If, however, we take into consideration the interpretation of the two Japanese who interview Pi, and therefore consider the entire story to be Pi’s invention and the tiger his personified Self, an imaginative by-product crated by Pi to cope with the dire life conditions on the ocean, the man-tiger relationship appears to be an internal relationship which has no roots in material reality. Regression is more of a psychical, rather than social nature and brings back a part of the reality which Pi knew until the tragic accident: the fact that there was a tiger called Richard Parker, reticent, by its own nature, to human bonding, a tiger which is tied to the Pi’s father life lesson. According to this lesson, man must not consider all animals as friends, but must, instead, know his enemy, for the sake of personal safety.
There are many examples of animals coming to surprising living arrangements. All are instances of that animal equivalent of anthropomorphism: zoomorphism, where an animal takes a human being, or another animal, to be one of its kind. The most famous case is also the most common: the pet dog, which has so assimilated humans into the realm of doghood as to want to mate with them, a fact that any dog owner who has had to pull an amorous dog from the leg of a mortified visitor will confirm[18].
If dogs and domestic animals can function as a childish alter-ego or as a mirror which flatters the one who looks in it, the tiger is not an Idealistic rewriting of the Self, but an identification with and an awareness of their negative sides, namely of those that fear and weakness regulate. No matter how necessary, knowing the tiger imposes distancing oneself from it, according to Pi’s father’s advice. Therefore, if we accept that Pi is closely connected to Richard Parker being a psycho-existential emanation of the first, it would be too simple to reduce Pi to Richard Parker. Despite sharing the same ontological substance, they are separate from one another, as there is an unsurpassable intra-ontological distance. The reason why Richard Parker exists, even if we see it as an image of the Self, is because within one entity there are distances, fractions, there is the enemy. The enemy can be the evil one, the one who saves itself in the detriment of others, the cannibal (the one who ate the hyena/the cook), but also the one which invalidates the expectations about the routine-eroded Self, the one built in accordance to a culture which imprints its traits onto those it subdues. Men are the most dangerous animals from the point of view of animals (“We commonly say in the trade that the most dangerous animal in a zoo is Man”[19]), but interpreting everything through the same chart, one might say that men are most dangerous, not only for animals, but for men as well. On the same page, Richard Parker articulates the inherently human nature of the enemy[20] on all levels: a generic level, a meta-literary level, in artistic creations and human stories alike.

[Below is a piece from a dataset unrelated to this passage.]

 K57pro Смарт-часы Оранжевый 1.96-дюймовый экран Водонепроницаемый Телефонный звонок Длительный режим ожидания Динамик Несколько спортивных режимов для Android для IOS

The untamed other and the role of fantasy. Counteracting death
No matter if we choose the first interpretative key of Pi and Richard Parker’s relationship, according to which the tiger is a flesh and bone animal, or if we accept the second one, according to which Richard Parker is Pi’s untamed other[21], which Pi gets rid of once he ends his voyage at sea, Richard Parker remains a symbol-like figure of the enemy/foe, of the Other which cannot possibly be tamed[22]. In the first case, we speak of a perfectly External Other, whereas, in the second, of an Inner Other which still engages in ongoing tendencies to become external. Critics consider that the first variant is more likely to be chosen by readers with a developed religious spirit, who do not need proof and who do not hesitate to distance themselves from what is considered normal by common sense while the likelihood of choosing the second variant is higher for atheists or agnostics, as these rationalise everything and are more prone to believe in the miracle of a tiger-man sharing the same space for 227 days. From the point of view of the relationship with the Other, aside from the fact that there are only nuanced differences between the two possible enemies, there is a factor which is overlooked. Admitting that Richard Parker died after the boat sank, his place being taken by Pi’s illusory Self, we cannot say that the novel ceases to be a fantasy novel by becoming a realistic one which shares some fantasy elements. Realism, in this case, would be a meta-Realism, a fantasy subordinate element and nothing more. In other words, the fantasy break or rupture gives rise to the possibility of Realism, and not vice-versa. In fact, we might ask ourselves what might go best with Realism, a tiger and a boy that manage to survive together or a boy who resorts to cannibalism, who creates an imaginary enemy, becoming a schizoid, both a good and a bad person, a bad Self for which the character longs unconditionally. It might be the case that the difference between the two possibilities is less severe, especially if we put an equal sign between Realism and Rationalism. At the end of the novel, Pi is quite ironic about the Japanese opting for the Realistic interpretation of the story. “You want a story that won’t surprise you. That will confirm what you already know. That won’t make you see higher or further or differently”[23].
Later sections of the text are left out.